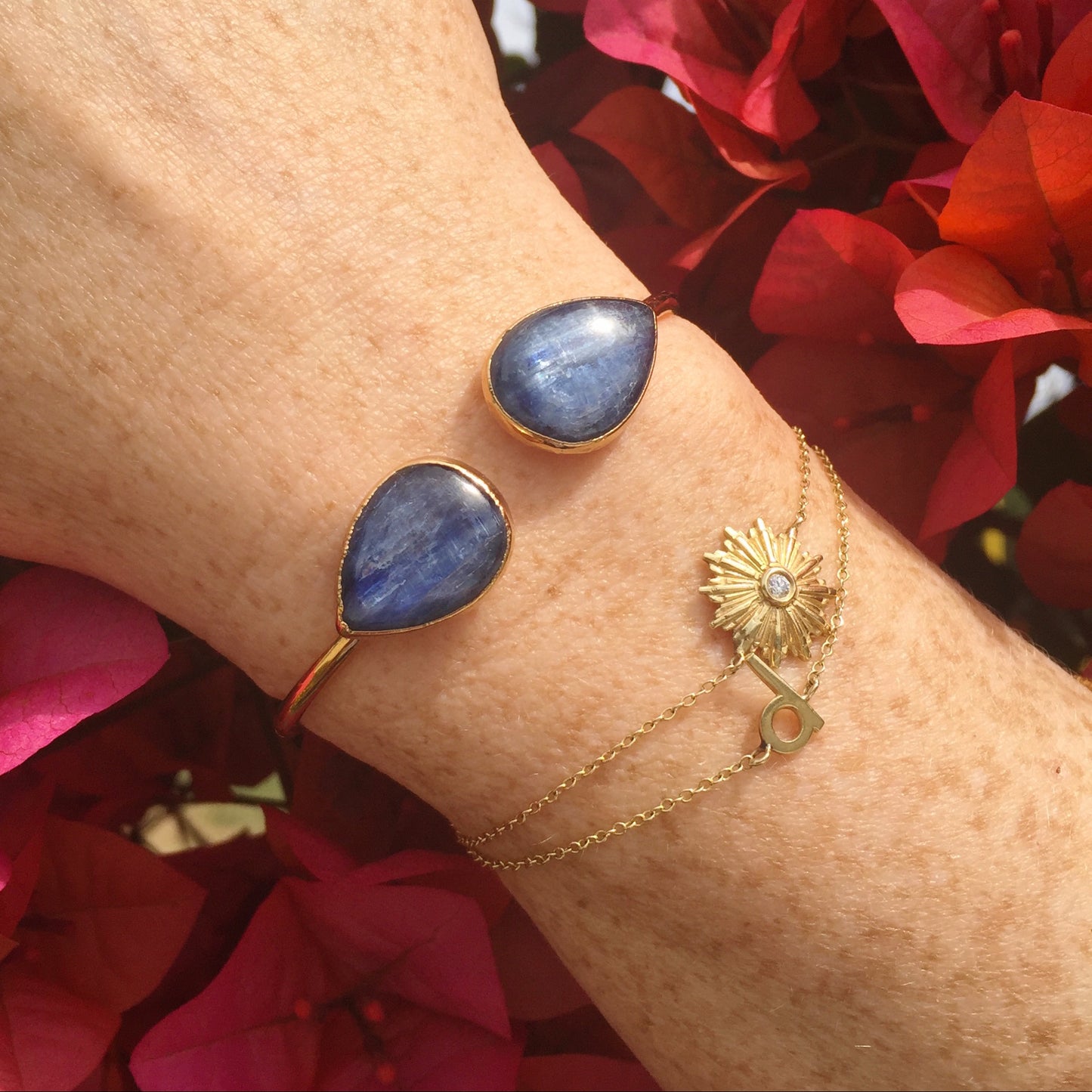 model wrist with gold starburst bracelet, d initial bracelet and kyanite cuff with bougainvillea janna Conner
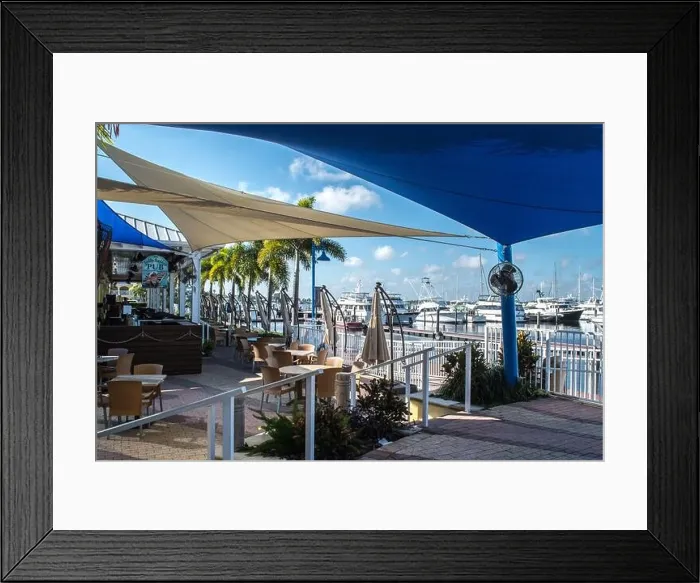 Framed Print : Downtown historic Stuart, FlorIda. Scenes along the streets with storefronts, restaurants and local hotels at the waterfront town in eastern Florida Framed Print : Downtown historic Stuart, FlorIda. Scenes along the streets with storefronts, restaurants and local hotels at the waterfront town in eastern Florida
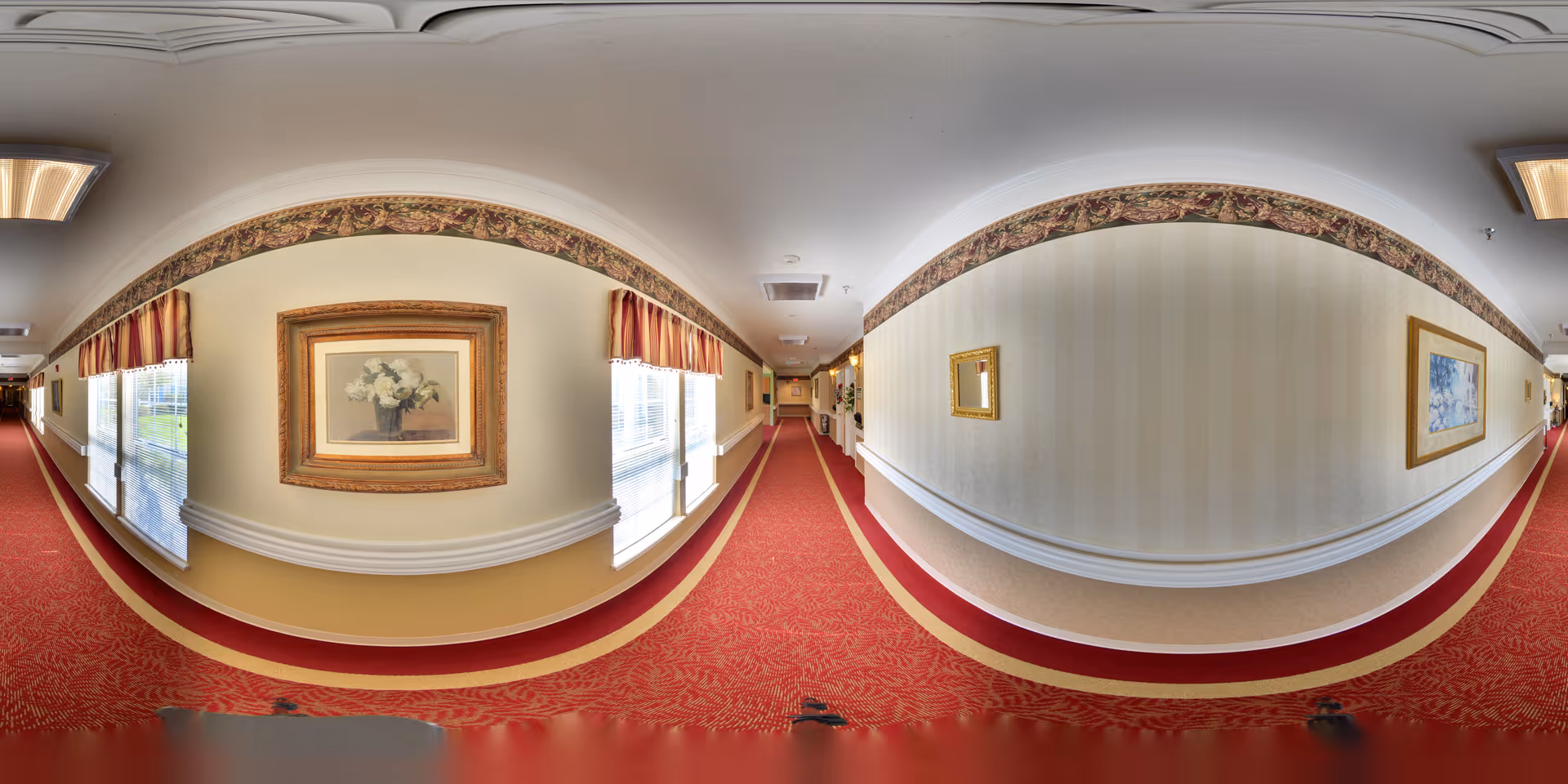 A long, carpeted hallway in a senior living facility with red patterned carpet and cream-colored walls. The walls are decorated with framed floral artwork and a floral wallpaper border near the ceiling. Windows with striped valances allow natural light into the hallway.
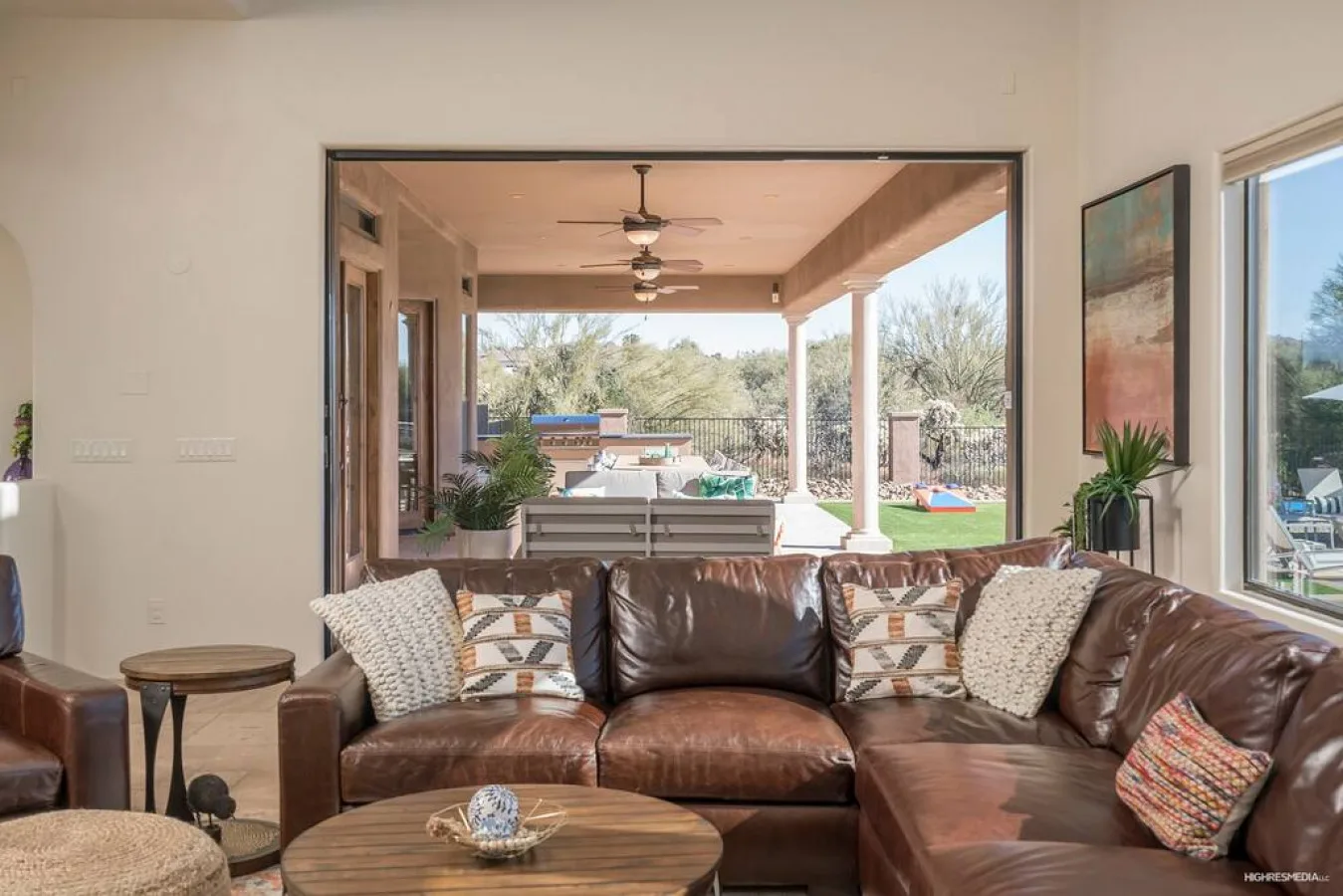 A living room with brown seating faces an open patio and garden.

Assignment — Could the stretch from the line with "eastern Florida Framed" through the line with "A long, carpeted" in the listing above be restated word for word, minus the pictures?

Exercise solution —
 Framed Print : Downtown historic Stuart, FlorIda. Scenes along the streets with storefronts, restaurants and local hotels at the waterfront town in eastern Florida Framed Print : Downtown historic Stuart, FlorIda. Scenes along the streets with storefronts, restaurants and local hotels at the waterfront town in eastern Florida
 A long, carpeted hallway in a senior living facility with red patterned carpet and cream-colored walls. The walls are decorated with framed floral artwork and a floral wallpaper border near the ceiling. Windows with striped valances allow natural light into the hallway.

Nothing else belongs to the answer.